* Records to use
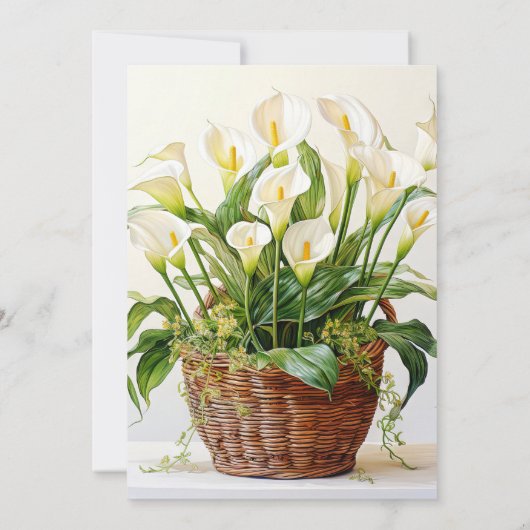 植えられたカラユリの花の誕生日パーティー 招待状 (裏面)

* * *

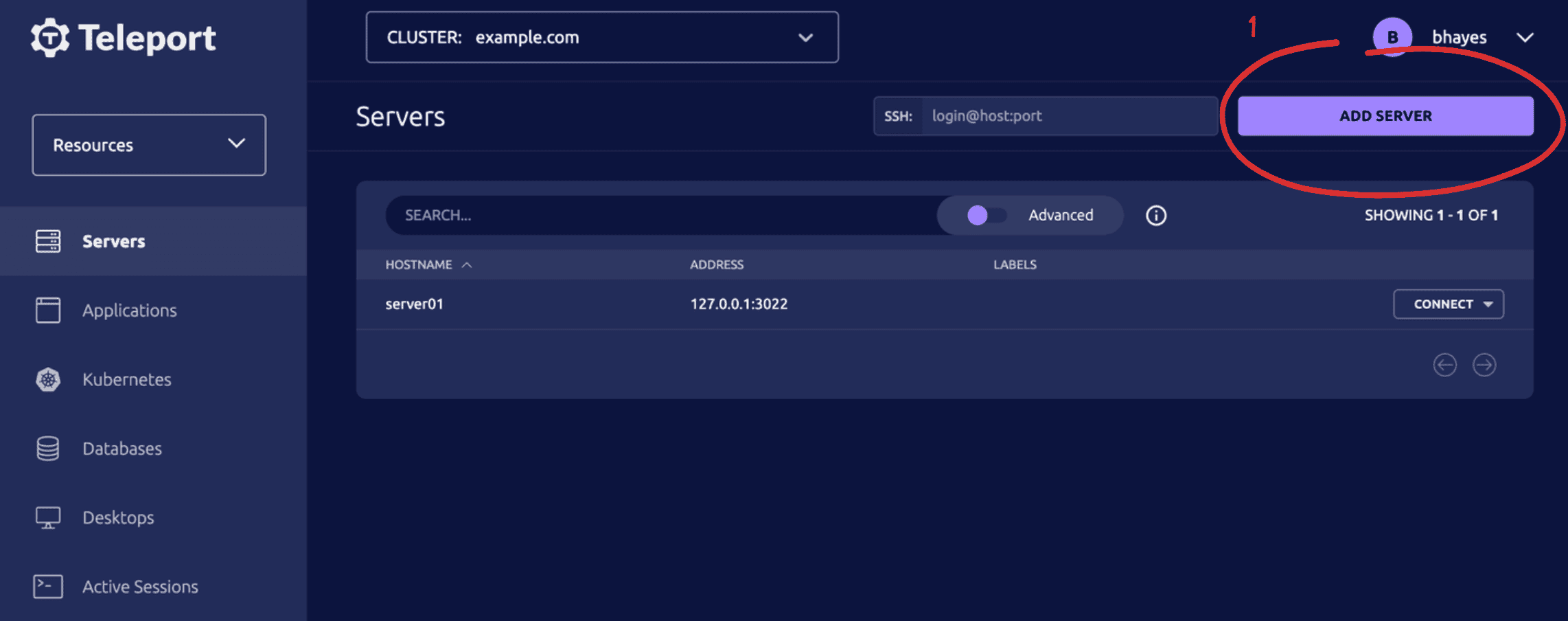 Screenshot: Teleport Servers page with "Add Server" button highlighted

---

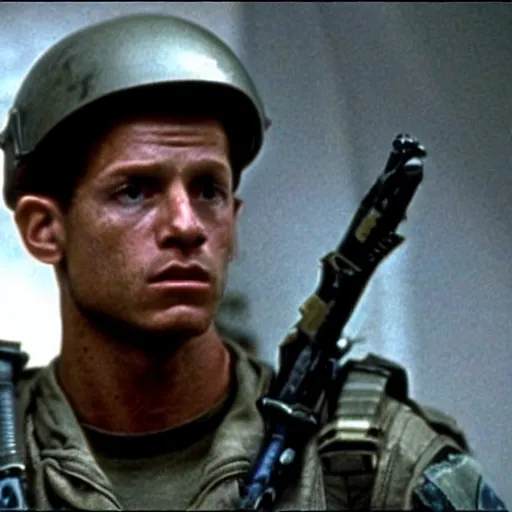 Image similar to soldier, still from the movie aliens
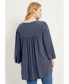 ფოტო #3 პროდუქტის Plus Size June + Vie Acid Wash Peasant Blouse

* Work item
Print, exactly and with no pictures, the lines of the listing above starting at the one that has "Image similar to" and ending at the one that has "ფოტო #3 პროდუქტის", both included.

* Worked solution
 Image similar to soldier, still from the movie aliens
 ფოტო #3 პროდუქტის Plus Size June + Vie Acid Wash Peasant Blouse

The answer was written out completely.